=== Begin Enclosure ===

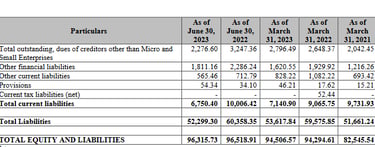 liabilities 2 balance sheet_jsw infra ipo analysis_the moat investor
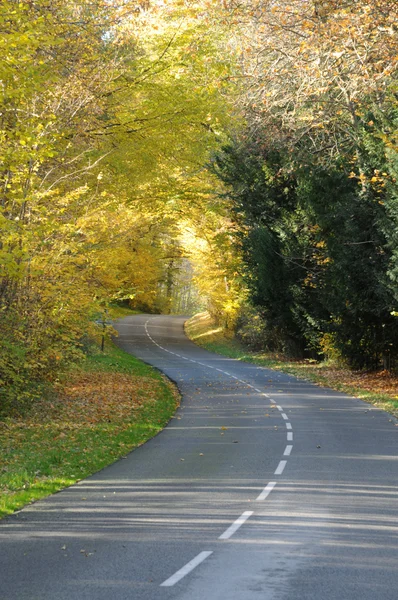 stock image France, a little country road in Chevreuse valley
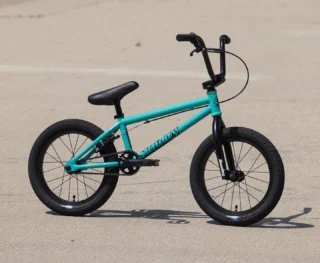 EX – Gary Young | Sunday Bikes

=== End Enclosure ===

§ **Activity**
Only the lines from the one containing "stock image France, a" through the end of the listing should be output, word for word and inclusive; keep pictures out.

§ **Solution to this task**
 stock image France, a little country road in Chevreuse valley
 EX – Gary Young | Sunday Bikes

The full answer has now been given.